Durdu. O durunca zaman da durdu. Öyle kalabalık, öyle ağır bir sessizlik zuhur etti ki, önce göz bebekleri büyüdü. Cılız bedeni yıllardır nefes almayı unutmuşçasına tutuldu, titredi. Mengenede sıkışmış gibi boyun damarları şişti. Tozlu belleğinde hafif bir yel esti. Bir fırtına kopacaktı ki imdadına bir fotoğraf yetişti. Takvimin hemen yanında, bir ucu kırık aynanın sol alt köşesine sıkıştırılmış siyah beyaz bir düğün fotoğrafı. Az sonra fotoğraf, belleğinde gittikçe renkli bir hal almaya başladı. Amcası, halası, yengesi, annesi, babası… Ve beyazlar içinde Naciye. Herkes ama herkes gelip hatıradaki yerini aldı. Uzun bir halay çekilmeye başlandı. Bir taraftan kazanlar dolusu etler pişiriliyor, bir taraftan meyveler, çerezler, şekerler, şerbetler ikram ediliyor. Derken zaman geçiyor, geçen zaman fotoğraftaki insanları birer birer götürüyor. En son Naciye kalıyor. Beyazlar içinde. Ta ki bir gün, Osman geceyi devirip de sabaha çıkınca her zamanki gibi evin yolunu tutuyor. Varıyor eve. Çalıyor kapıyı. İşte o gün kapıyı kimse açmıyor. Hayatındaki son kişi de hiçbir şey söylemeden öylece çıkıp gidiyor. Osman, Naciye’yi aramayı hiç denemiyor. “Aranmak kaybolanlara mahsustur, kendi gideninin nesini arayayım.” diyor. Dili öyle söylese de içi elvermiyor. O günden sonra Osman için “zaman” diye bir şey kalmıyor. “Evde bekleyen yoksa, yolunu gözleyen yoksa; hâsılı yaşamı anlamlandıran yoksa hayatı dilimlere ayıran zamanın ne önemi vardır?” deyip kolundaki saati çekip atıyor önce.
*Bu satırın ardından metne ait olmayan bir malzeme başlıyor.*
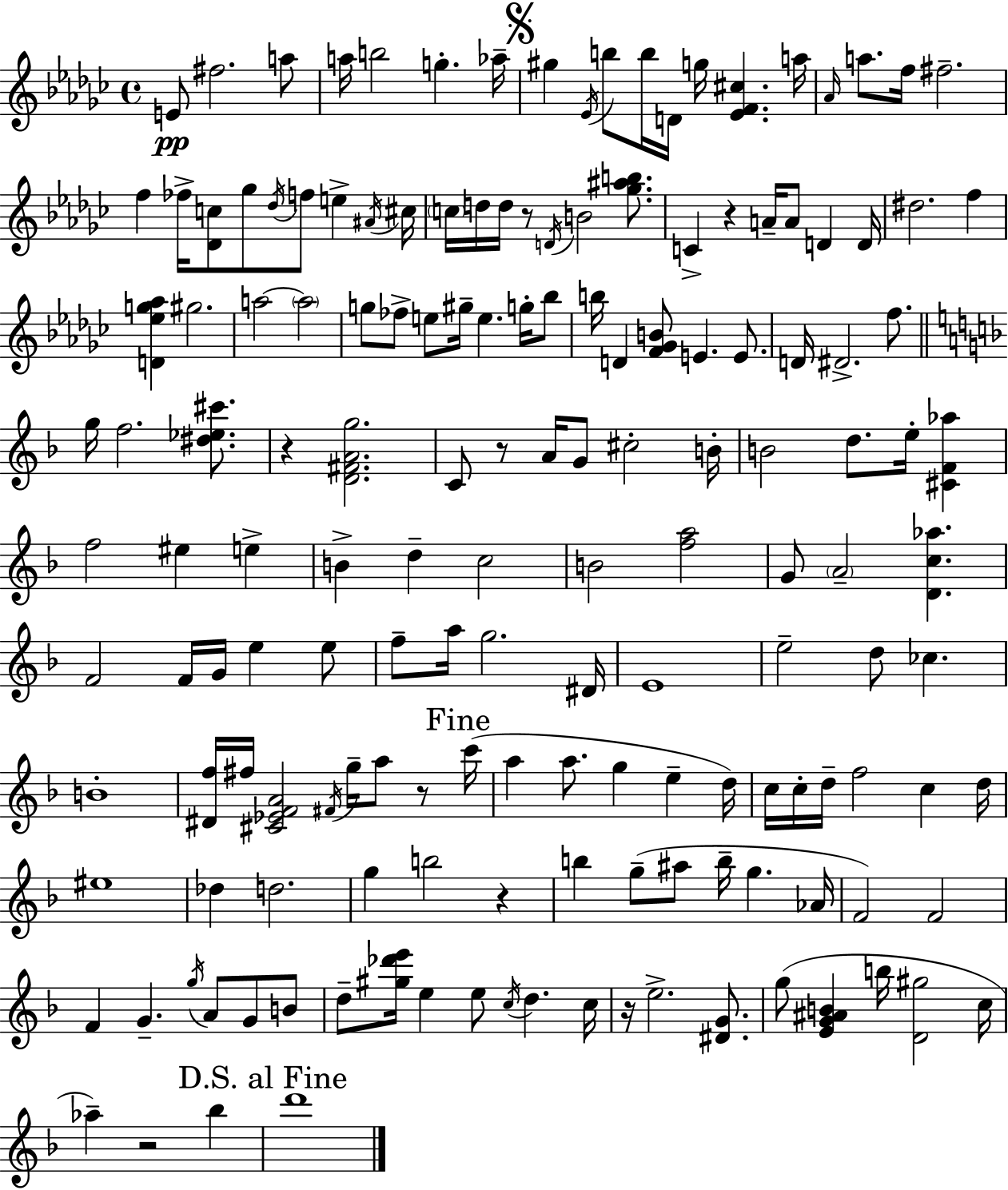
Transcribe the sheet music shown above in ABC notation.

X:1
T:Untitled
M:4/4
L:1/4
K:Ebm
E/2 ^f2 a/2 a/4 b2 g _a/4 ^g _E/4 b/2 b/4 D/4 g/4 [_EF^c] a/4 _A/4 a/2 f/4 ^f2 f _f/4 [_Dc]/2 _g/2 _d/4 f/2 e ^A/4 ^c/4 c/4 d/4 d/4 z/2 D/4 B2 [_g^ab]/2 C z A/4 A/2 D D/4 ^d2 f [D_eg_a] ^g2 a2 a2 g/2 _f/2 e/2 ^g/4 e g/4 _b/2 b/4 D [F_GB]/2 E E/2 D/4 ^D2 f/2 g/4 f2 [^d_e^c']/2 z [D^FAg]2 C/2 z/2 A/4 G/2 ^c2 B/4 B2 d/2 e/4 [^CF_a] f2 ^e e B d c2 B2 [fa]2 G/2 A2 [Dc_a] F2 F/4 G/4 e e/2 f/2 a/4 g2 ^D/4 E4 e2 d/2 _c B4 [^Df]/4 ^f/4 [^C_EFA]2 ^F/4 g/4 a/2 z/2 c'/4 a a/2 g e d/4 c/4 c/4 d/4 f2 c d/4 ^e4 _d d2 g b2 z b g/2 ^a/2 b/4 g _A/4 F2 F2 F G g/4 A/2 G/2 B/2 d/2 [^g_d'e']/4 e e/2 c/4 d c/4 z/4 e2 [^DG]/2 g/2 [EG^AB] b/4 [D^g]2 c/4 _a z2 _b d'4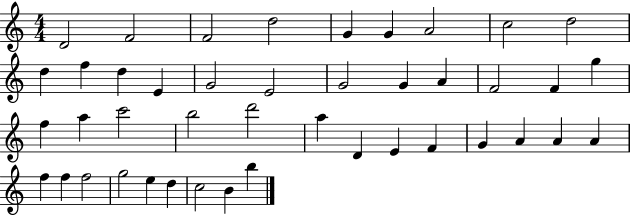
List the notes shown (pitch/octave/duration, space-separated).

D4/h F4/h F4/h D5/h G4/q G4/q A4/h C5/h D5/h D5/q F5/q D5/q E4/q G4/h E4/h G4/h G4/q A4/q F4/h F4/q G5/q F5/q A5/q C6/h B5/h D6/h A5/q D4/q E4/q F4/q G4/q A4/q A4/q A4/q F5/q F5/q F5/h G5/h E5/q D5/q C5/h B4/q B5/q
Duvardaki takvimin tarihi bir sonraki güne asla geçmiyor:

“30 Temmuz 1978”

Usulca çöküyor tabureye. Dudaklarından gözlerine doğru ince, gri, eğri büğrü bir duman yükseliyor tekrar. Yuvarlak gözleri acıyla sızlıyor, ıslanıyor bir de. Çayı dolduruyor. Demini almamış çay. Umrunda mı? Elbette hayır. O yeni gelen misafire uğramanın telaşında. Hem öyle yemeyi içmeyi de pek sevmiyor. “Ölmeyecek kadar!” diyor hep. “Ölmeyecek kadar yiyin, ölmeyecek kadar için, ölmeyecek kadar soluyun ve en çok da ölmeyecek kadar sevin!” diyor. İnancı olmasa çoktan ölüp gidecekti belki de. “Bu dünyada çektiklerinin öte dünyada bir karşılığı var!” öyle diyor hep, ona inanıyor.
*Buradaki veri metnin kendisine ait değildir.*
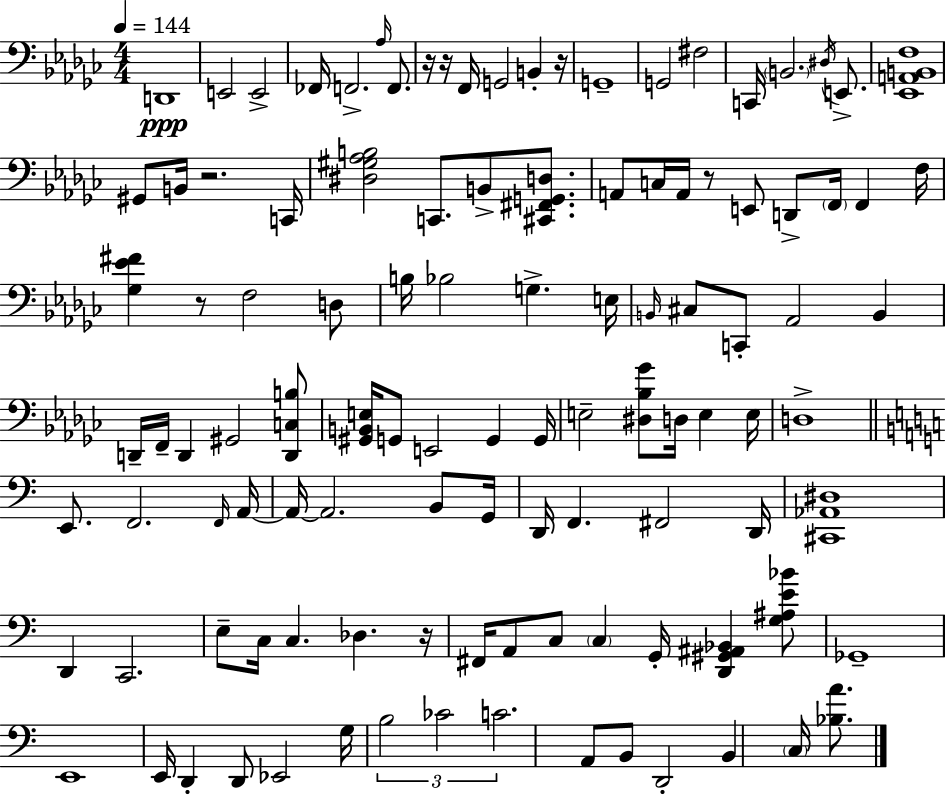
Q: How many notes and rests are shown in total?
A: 110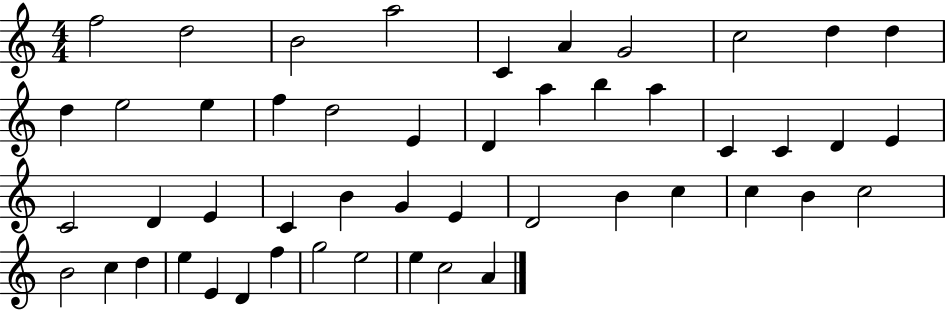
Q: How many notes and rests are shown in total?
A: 49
Hemencecik, sehpanın üzerine bir gazete serdi. Sofraya peynir ve zeytin koydu.  Ekmeği ortadan ikiye böldü. Birkaç lokma yedi. Çayını ikinciye doldurdu. Bu sefer dem almıştı çay. Canı üçüncüyü istese de içmedi. Nasıldı kural? Ölmeyecek kadardı her şeyin sınırı. Ölmeyecek kadar… Kalktı.

Yalpalaya yalpalaya yeni mezarın başına geldi. Selamı tazeledi. Karanlıktı. Ölenin er kişi mi, hatun kişi mi olduğunu bilemedi. Hem önemi de yoktu zaten. İki gün önce evladını kaybeden annenin çığlıkları kulaklarının dibinden mermi gibi geçti. Alışıktı. “Duyarsızdı”, demiyorum. Acı eşiği olabildiğince yükselmişti. Dert etmedi. Mezarın etrafını döndü dolaştı, münasip bir yere bağdaş kurdu. Gözlerini iyice kısıp toprağın kokusunu çekti bir müddet. Kendi ritüeliydi bu. Zevk alırdı. Yoksa maddeyi çoktan yok saymış biri için kuru bir maaşın ne bir tesiri ne de bir bağlayıcılığı vardı.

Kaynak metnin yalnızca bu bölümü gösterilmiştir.